I am not a promoter of San Francisco as a glorious city.
I am realistic about the city where I've spent most of my life. It has at times been one of the world's great centers of revolution, important change and global vitality. Today it is a shit hole of Lefty Fundamentalists political theology. It is also filthy thanks to its love of Street people.
I was just thinking about how extraordinary San Francisco has been over its history as a source of countless global movements and how little appreciation it has ever gotten. That may be fine. It may be wonderful that New York gets credit for everything. The ambitious go to New York, the creatives come to San Francisco.
That simply makes it easier for the next wave of global revolution to occur in San Francisco.
Let's begin with San Francisco in the gold rush. San Francisco did not have the hierarchical social structure found everywhere else on the planet at that time. It became a source of incredible vitality and wealth and consequently architectural and artistic refinement.
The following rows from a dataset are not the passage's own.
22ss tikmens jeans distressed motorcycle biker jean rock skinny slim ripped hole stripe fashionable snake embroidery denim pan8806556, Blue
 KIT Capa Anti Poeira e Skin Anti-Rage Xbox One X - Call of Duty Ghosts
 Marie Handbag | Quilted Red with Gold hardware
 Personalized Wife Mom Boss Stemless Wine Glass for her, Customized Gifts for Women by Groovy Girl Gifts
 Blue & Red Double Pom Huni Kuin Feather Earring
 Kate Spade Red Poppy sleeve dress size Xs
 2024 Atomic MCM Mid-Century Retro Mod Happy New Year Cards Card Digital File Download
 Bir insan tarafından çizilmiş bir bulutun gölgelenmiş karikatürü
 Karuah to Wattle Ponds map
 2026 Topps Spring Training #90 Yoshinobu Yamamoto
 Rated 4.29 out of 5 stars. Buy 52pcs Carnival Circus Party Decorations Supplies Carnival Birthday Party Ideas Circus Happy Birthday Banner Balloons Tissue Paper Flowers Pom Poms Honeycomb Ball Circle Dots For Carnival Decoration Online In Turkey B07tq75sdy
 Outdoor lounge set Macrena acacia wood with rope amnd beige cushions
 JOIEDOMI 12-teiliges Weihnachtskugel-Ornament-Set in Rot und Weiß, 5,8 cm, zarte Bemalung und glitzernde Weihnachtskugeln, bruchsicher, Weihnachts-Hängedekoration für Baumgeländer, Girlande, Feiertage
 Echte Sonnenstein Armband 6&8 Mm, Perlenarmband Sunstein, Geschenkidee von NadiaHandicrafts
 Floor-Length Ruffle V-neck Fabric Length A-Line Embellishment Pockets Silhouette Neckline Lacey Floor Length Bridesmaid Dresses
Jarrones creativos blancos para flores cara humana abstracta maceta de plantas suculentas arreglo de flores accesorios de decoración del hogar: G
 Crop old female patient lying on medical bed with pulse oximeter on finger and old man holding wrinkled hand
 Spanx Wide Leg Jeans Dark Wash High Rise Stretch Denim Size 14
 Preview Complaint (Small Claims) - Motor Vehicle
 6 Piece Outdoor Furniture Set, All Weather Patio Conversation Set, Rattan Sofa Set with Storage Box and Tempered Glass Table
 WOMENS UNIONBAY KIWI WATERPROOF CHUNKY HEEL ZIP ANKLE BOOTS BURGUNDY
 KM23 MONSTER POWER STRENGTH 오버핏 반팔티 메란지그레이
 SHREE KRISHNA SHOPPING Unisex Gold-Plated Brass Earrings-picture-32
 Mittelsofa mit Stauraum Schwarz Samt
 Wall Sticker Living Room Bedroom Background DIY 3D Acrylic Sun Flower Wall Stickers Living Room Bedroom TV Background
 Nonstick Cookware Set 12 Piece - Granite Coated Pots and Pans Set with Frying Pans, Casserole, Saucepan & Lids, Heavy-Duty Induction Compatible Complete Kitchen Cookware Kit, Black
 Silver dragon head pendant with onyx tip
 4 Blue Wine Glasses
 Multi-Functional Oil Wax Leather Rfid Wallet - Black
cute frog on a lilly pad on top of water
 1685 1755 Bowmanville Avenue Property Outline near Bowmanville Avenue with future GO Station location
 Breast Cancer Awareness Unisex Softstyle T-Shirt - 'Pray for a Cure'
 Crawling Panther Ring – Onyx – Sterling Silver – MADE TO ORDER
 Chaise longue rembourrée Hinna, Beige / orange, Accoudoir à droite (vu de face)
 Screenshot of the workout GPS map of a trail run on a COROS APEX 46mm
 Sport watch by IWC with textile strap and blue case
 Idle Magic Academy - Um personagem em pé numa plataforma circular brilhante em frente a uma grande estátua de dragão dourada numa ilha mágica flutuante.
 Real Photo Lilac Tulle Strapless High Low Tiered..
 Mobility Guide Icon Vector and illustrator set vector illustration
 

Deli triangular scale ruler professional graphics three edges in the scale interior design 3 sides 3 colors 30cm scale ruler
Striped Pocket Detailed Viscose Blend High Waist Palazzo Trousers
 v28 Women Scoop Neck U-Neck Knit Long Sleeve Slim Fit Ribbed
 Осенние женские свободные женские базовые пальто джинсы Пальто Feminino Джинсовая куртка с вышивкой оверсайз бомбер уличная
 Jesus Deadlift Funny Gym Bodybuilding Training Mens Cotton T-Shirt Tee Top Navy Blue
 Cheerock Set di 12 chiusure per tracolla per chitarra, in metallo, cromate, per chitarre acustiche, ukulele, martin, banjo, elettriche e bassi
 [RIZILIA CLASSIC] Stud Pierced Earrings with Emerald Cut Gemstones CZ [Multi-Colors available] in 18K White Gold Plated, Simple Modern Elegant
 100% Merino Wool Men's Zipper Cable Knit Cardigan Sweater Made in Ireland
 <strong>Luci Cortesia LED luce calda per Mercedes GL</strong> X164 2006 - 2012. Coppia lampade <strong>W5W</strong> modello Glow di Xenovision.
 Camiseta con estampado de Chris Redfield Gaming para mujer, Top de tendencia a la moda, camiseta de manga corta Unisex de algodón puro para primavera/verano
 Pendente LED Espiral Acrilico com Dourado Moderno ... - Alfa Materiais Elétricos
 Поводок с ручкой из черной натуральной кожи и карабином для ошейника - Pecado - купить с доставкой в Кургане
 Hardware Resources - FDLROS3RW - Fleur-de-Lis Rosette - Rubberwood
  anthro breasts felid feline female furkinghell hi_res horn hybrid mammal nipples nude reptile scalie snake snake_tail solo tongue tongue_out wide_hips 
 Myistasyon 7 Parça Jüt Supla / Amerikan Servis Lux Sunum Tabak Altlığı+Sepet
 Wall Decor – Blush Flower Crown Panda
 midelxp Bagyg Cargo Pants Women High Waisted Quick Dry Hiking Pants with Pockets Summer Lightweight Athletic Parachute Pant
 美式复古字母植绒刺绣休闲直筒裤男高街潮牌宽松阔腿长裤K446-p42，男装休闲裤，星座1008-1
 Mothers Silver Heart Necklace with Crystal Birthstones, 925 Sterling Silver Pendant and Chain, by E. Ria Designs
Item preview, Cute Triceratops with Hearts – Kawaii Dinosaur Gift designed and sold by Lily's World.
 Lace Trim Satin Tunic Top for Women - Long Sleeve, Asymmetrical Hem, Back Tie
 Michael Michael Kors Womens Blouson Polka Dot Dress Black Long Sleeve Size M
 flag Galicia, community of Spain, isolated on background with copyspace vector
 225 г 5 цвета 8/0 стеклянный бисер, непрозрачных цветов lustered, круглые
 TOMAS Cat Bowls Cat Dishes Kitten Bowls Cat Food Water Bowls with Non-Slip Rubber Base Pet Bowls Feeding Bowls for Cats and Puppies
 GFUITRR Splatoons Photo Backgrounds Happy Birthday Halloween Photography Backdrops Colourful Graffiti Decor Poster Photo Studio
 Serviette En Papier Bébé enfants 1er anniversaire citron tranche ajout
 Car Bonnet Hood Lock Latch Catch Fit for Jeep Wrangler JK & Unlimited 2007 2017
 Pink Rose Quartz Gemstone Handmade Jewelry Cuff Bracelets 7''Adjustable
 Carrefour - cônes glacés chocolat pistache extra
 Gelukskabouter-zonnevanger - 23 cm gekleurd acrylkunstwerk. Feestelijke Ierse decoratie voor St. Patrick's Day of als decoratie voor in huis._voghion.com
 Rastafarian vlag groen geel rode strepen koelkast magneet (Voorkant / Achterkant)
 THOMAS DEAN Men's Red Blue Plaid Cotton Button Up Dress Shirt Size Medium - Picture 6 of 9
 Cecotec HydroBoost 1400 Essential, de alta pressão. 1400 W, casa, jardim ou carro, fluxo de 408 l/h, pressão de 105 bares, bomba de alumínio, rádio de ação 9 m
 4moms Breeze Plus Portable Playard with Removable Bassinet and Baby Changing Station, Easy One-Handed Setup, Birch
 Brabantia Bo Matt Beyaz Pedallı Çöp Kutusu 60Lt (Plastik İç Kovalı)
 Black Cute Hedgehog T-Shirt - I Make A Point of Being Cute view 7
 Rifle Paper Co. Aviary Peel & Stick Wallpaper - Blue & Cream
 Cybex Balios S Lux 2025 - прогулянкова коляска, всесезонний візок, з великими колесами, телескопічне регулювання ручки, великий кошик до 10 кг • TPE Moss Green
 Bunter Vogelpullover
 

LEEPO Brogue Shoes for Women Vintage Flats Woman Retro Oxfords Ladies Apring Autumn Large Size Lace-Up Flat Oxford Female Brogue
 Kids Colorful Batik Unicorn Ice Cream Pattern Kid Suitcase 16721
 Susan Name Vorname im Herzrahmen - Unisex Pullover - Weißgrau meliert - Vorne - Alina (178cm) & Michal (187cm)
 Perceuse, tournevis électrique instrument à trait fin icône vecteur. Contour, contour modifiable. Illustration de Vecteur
It was central to the creation of Jewish communities and Jewish private clubs such as the Bohemian club, all of which have an influence to this day.
San Francisco's gold fury was so shockingly aggressive that it generated many scientists and organizations that shaped and still shape the environmental movement worldwide.
The antismoking movement came from San Francisco.
The entire baby-boom of the 1890s came from San Francisco along with its music, its language, experimental communes, health foods and most importantly the politics that we know of as the Progressive Party.
San Francisco after WWII was the home of the gay movement and every part of it; the lesbian movement and every part of it as well as the subsequent training in human sexuality.
It was the revolutionary center of the hippies. The center. Everything the hippies contributed from home home-schooling to the health and food revolutions, to the fashion revolutions to music revolutions and a dozen other elements; they came from San Francisco. I can find the same things in arts, music and visual arts. By the way, modern TV came from San Francisco. So did the modern personal computer.
If you have ever been part of an underground event in your city whether it is walking through the sewers or having a paintball fight in an abandoned building or climbing a bridge; you owe that to the people in San Francisco who started it and promulgated. A teeny residual of that is Burning Man.
The list is endless. In includes the 1890 and the 1990 wave of 'cocktails'.
These revolutions came out of two elements that were present in San Francisco in the gold rush.
* The absence of social hierarchy to oppress the innovative people in our society and
* A fairly light touch of government that allows people to be imaginative and creative.
The current political disaster in San Francisco is probably not impeeding the underground creative world. San Francisco has always had idiotic politics.